HC Deb 05 July 1888 vol 328 cc409-10
MR. W. A. M'ARTHUR (Cornwall, Mid, St. Austell)

asked the Under Secretary of State for Foreign Affairs, Whether he has received accounts of the forcible seizure, by an armed French force on March 15, of the Leeward Islands; whether the Convention of 1847 between England and France included an agreement to recognize the independence of these Islands, and an undertaking that neither Power should endeavour to obtain possession of them in any way whatever; whether the Native Chiefs entered a solemn protest against the French action, and declared that, until they received news from England that the Convention of 1847 was abrogated, they should still consider it binding upon all parties; whether the Rev. Mr. Richards wrote to the English Consul, imploring him to use his influence to prevent collisions between the French and the Natives, and asking for information as to the abrogation of the Convention of 1847; whether the reply of the English Consul was to the effect that he had received no information from the Foreign Office as to whether the Convention was abrogated or not; whether the Convention is still in force; if not, when was it agreed to terminate it; and, when was notice of such termination sent to the British Consul?
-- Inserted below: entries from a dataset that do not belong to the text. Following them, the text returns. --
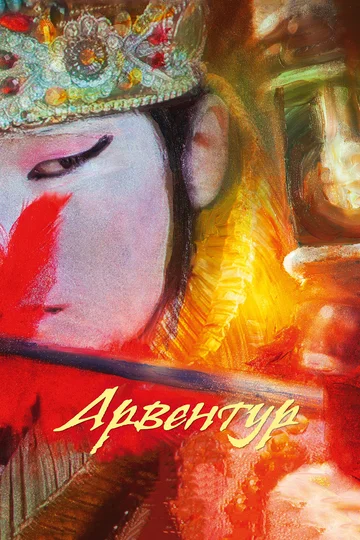 Постер: Арвентур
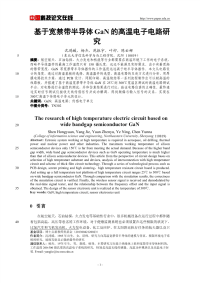 基于宽禁带半导体GaN的高温电子电路研究.pdf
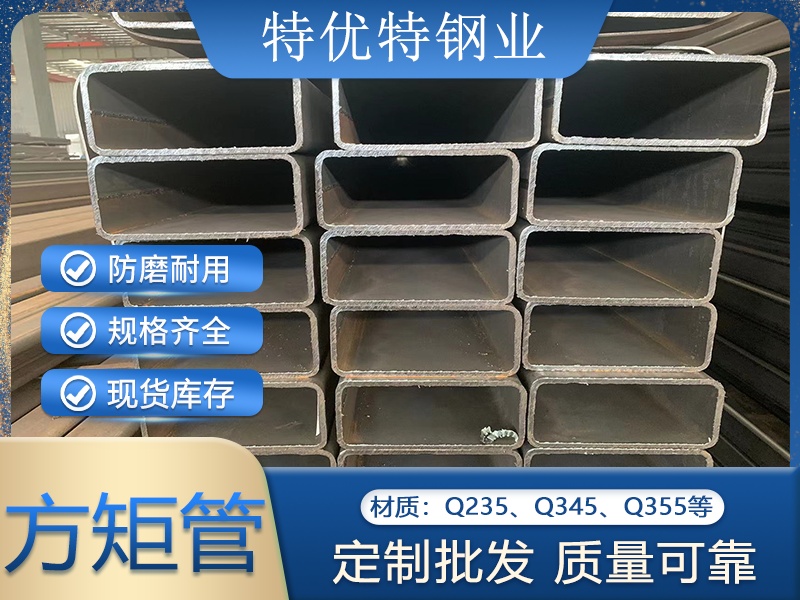 方矩管(30*40/30*50/30*60/30*70)  
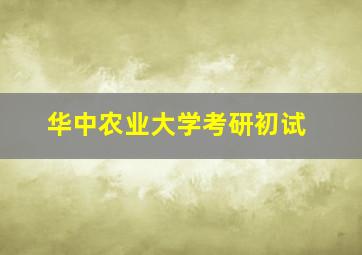 华中农业大学考研初试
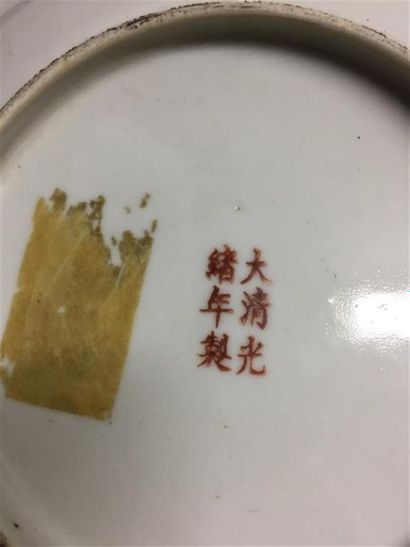 CHINE.
Plats rond à décor polychrome sur...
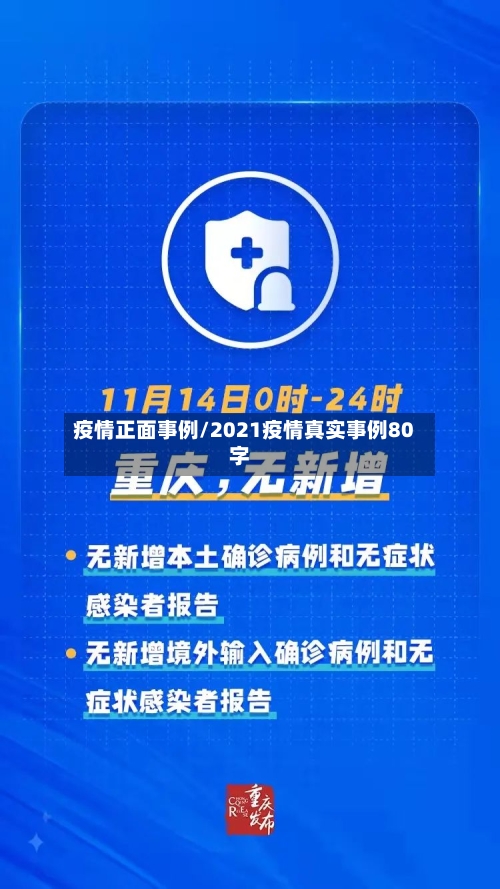 疫情正面事例/2021疫情真实事例80字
The French took formal possession of the Islands to the leeward of Tahiti on March 15. The Declaration of 1847 for mutual abstention from the annexation of those Islands ceased to have effect on March 15, according to the retrospective Declaration signed on May 30, 1888, which has been laid before Parliament. The Native Chiefs were averse to the French annexation. The Rev. Mr. Richards appealed to the British Consul to obviate a collision; whereupon the British Consul informed the Chiefs that the Declaration of 1847 was "to all intents and purposes abrogated," and advised them against resistance. The Consul was informed on November 26, 1887, of the conclusion of the Convention of November 16; but on March 26 he had not, of course, become aware of the signature of the Declaration which actually put an end to the former arrangement.